We will use this opportunity to introduce one or two further general Kotlin features which you may find useful.
Kotlin features a more concise and flexible approach to getters and setters compared to Java. Rather than using explicit getter and setter methods, Kotlin's approach is to define properties (attributes) and then define how each property can be read and written.
For example, imagine a Time class in which you wanted to
ensure that incorrect times could not be set. What you could do is define two properties hours and minutes, but write custom setters which prevent the hours and minutes being set to incorrect values.
write access:
class Time {
var hours: Int = 0
set(newHours: Int) {
if(newHours in 0..23) {
field = newHours
}
}
var minutes: Int = 0
set(newMinutes: Int) {
if(newMinutes in 0..59) {
field = newMinutes
}
}
override fun toString(): String {
return "$hours:$minutes"
}
}
fun main() {
val t = Time()
t.hours = 23
t.minutes = 48
println(t)
t.hours = 24
println(t)
t.minutes = 60
println(t)
}
Note how we declare two properties, hours and minutes and give each a default value of 0. However, note how we then define a set() method, which is indented one level from the property. This is a custom setter, which controls how the property can be updated. Each custom setter takes a parameter representing the new value, and then checks it to ensure that it's within the correct range. If it is, we set the underlying field (the actual value of the property) to the new value. Note that field is a keyword in Kotlin, which represents the underlying value of a property.
The main() demonstrates the use of the custom setters. We create a Time object then set its hours and minutes to a sensible value (23 hours and 48 minutes). We then try to set the hours to 24 (invalid) and print the time object, and set the minutes to 60 (invalid) an print the time object again. The output will be as follows:
23:48 23:48 23:48So you can see that the custom setters, with validation, have prevented the
Time object being set to an invalid time.
In some circumstances we might want to prevent a property from being updated from outside the class. An example might be a student ID in a Student class, as this should never change. We could just make it a private property, but the outside world would then not be able to read it. What we want is for the outside world to be able to read the student ID, but not change it. We can use a private setter for this:
class Student(studentIdIn: String, var name: String, var course: String) {
var id = studentIdIn
private set
override fun toString(): String {
return "$studentId: $name, studying $course"
}
}
fun main() {
var student = Student("1smitj01", "James Smith", "Web Design")
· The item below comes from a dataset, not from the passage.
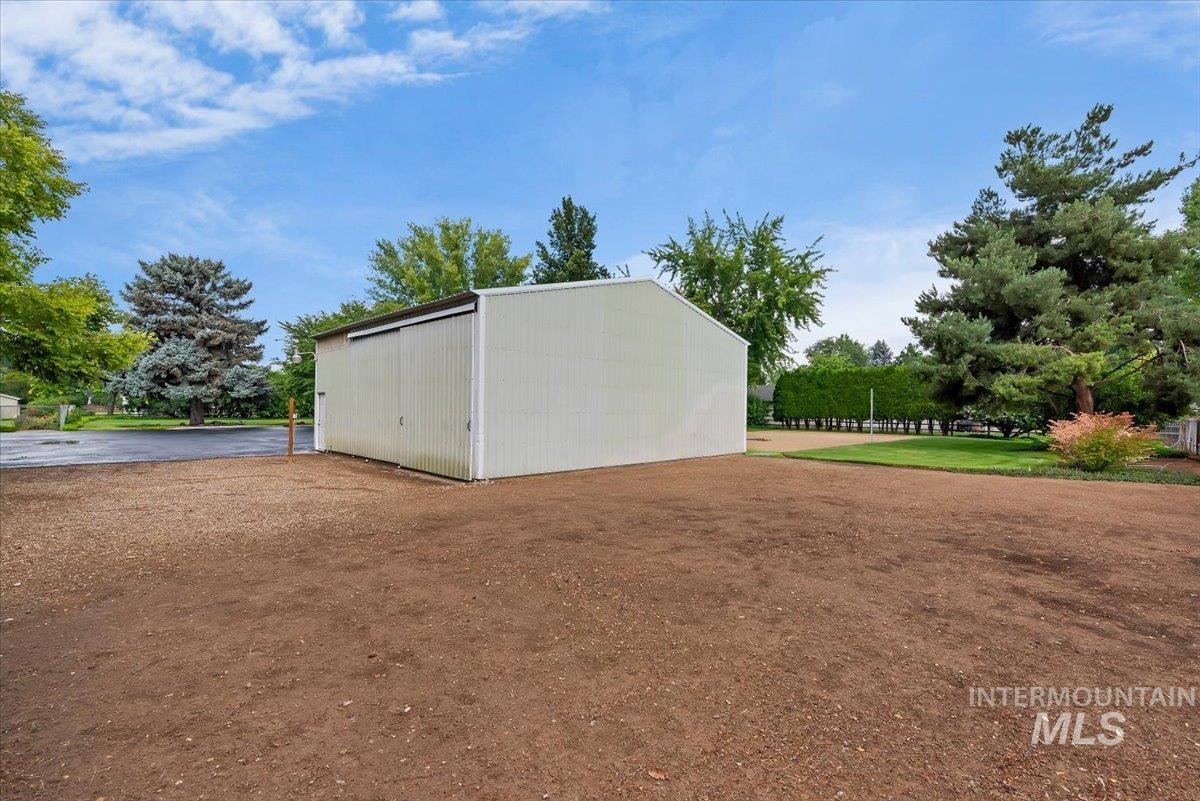818 Winther Blvd Property Photo 46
student.course = "Software Engineering" // OK
println(student.id) // OK - can read student ID from outside
student.id="2smitj02" // cannot modify ID from outside due to private setter
}
You will have seen this syntax when declaring state variables in Compose:
var name: String by remember { mutableStateOf("") }
What exactly does the by remember mean? It's a Kotlin feature known as delegated properties. Delegated properties, like custom getters and setters, allow you to customise what happens when you retrieve or update a property (attribute) of an object. They do it with a delegate class; see the documentation for details. So delegates are rather like custom getters and setters, but rather than simply customising the getter and setter, you delegate the job of getting and setting a property to an entirely separate class - the delegate - which can give more flexibility in some situations. The by keyword specifies that we will be using a delegate. In the case of state variables, remember is the delegate.
Here is an example:
package com.example.delegates1
import kotlin.reflect.KProperty
class Student (var name: String, var course: String) {
var mark: Int by MarkDelegate()
override fun toString(): String {
return "Student $name on $course with mark $mark"
}
}
class MarkDelegate(private var controlledProperty: Int = 0) {
operator fun getValue(thisRef: Any?, property: KProperty<*>) : Int{
return controlledProperty
}
operator fun setValue(thisRef: Any?, property: KProperty<*>, newValue: Int) {
if(newValue in 0..100) {
controlledProperty = newValue
} else {
println("Cannot set ${property.name} to $newValue for $thisRef")
}
}
}
fun main (args: Array) {
val john = Student("John", "Software Engineering")
john.mark = 101
println(john)
john.mark = 83
println(john)
john.mark = -1
println(john)
}
Note how we are declaring a property mark inside the Student class but declaring it with by MarkDelegate(). This means that the MarkDelegate class will be responsible for handling retrieving the value of, and setting the value of, the mark property. MarkDelegate is thus a delegate. A delegate should contain two methods, getValue() and setValue(), which retrieve and update the associated value. Note also how the delegate class takes the property that it's controlling as a parameter:
class Mark(private var controlledProperty: Int=0)If you look at
getValue(), it's just returning the mark, so no custom behaviour occurs if we simply retrieve the value (e.g. by printing it). However setValue() is more interesting. Note how it take the new value as a parameter (newValue). The setValue() checks that the new value is in the range 0 to 100, and only updates the mark to the value if it is. So in other words, marks below 0 or above 100 will be rejected. So if we try to set the mark to any value less than 0 or greater than 100, it will not be updated. Note that the thisRef parameter in setValue() and getValue() refers to the object that the delegated property belongs to. Also the property parameter represents the property being controlled, and the property's name can be retrieved with property.name. Therefore the output of this program will be as follows:
Cannot set mark to 101 for Student John on course Software Engineering with mark 0 Student John on course Software Engineering with mark 0 Student John on course Software Engineering with mark 83 Cannot set mark to -1 for Student John on course Software Engineering with mark 83 Student John on course Software Engineering with mark 83When we try to set the mark to 101 or -1, it's rejected. However when we set the mark to 83, it's accepted.
Note that you can pass additional parameters to the delegate, but the first parameter always reference the property that the delegate is controlling.